Wood Mackenzie projects that $15 billion will be spent on drilling and completion of wells by Bakken participants in 2014.
The research firm also said there is close to $118 billion in remaining value in the American portions of the Bakken and Three Forks formations, which also stretch into Canada's Saskatchewan and Manitoba provinces.A reader alerted me to the article and made a number of interesting observations about the article.
Two comments: first, one about drilling and completions CAPEX this year; and, second, "remaining value" in the Bakken.
1. $15,000,000,000 / 2,400 wells = $6.25 million / well. A fair number of Williston Basin wells will be very inexpensive Spearfish wells which would bring the cost/well down, but the article specifically says "Bakken participant." Everything I've seen suggests average well costs will be about $8 million at best, and several analysts have said KOG will have rates higher than the average. There must be a lot of very inexpensive Bakken wells on the margins of the Bakken to bring the average down to $6 million / well. One of the few operators who say they can get the cost / well down to about $6 million is Whiting.
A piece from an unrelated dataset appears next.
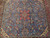Close-up of the coral 8 petal rosette medallion and flowering sprays on sky blue ground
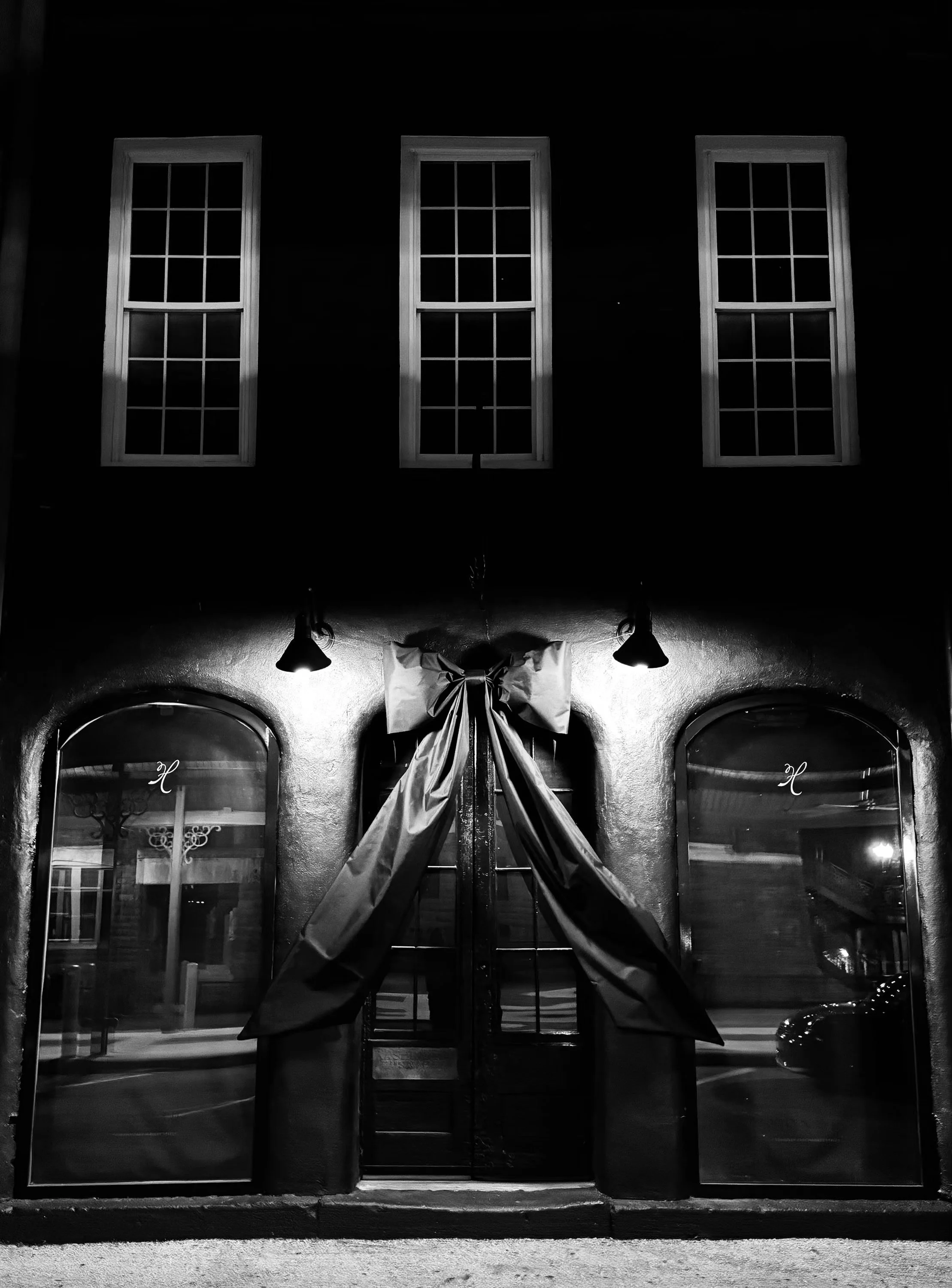 Black and white photo of a storefront with large glass windows, a door with glass panes, a large bow on the door, and two lights above the door. Four windows are visible above.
2. Harold Hamm suggests the reservoir is close to one trillion bbls OOIP (blogged a long, long time ago). Even at a paltry 5% recovery rate, the total value of the remaining Bakken is staggering, much, much greater than the article above suggests. Even if one assumes half what Harold Hamm says: 500 billion bbls x 5% recovery x $50 / bbl -- the amount is way more than what the article suggests.
Regardless, "fun" to see an article like this in a Boston newspaper.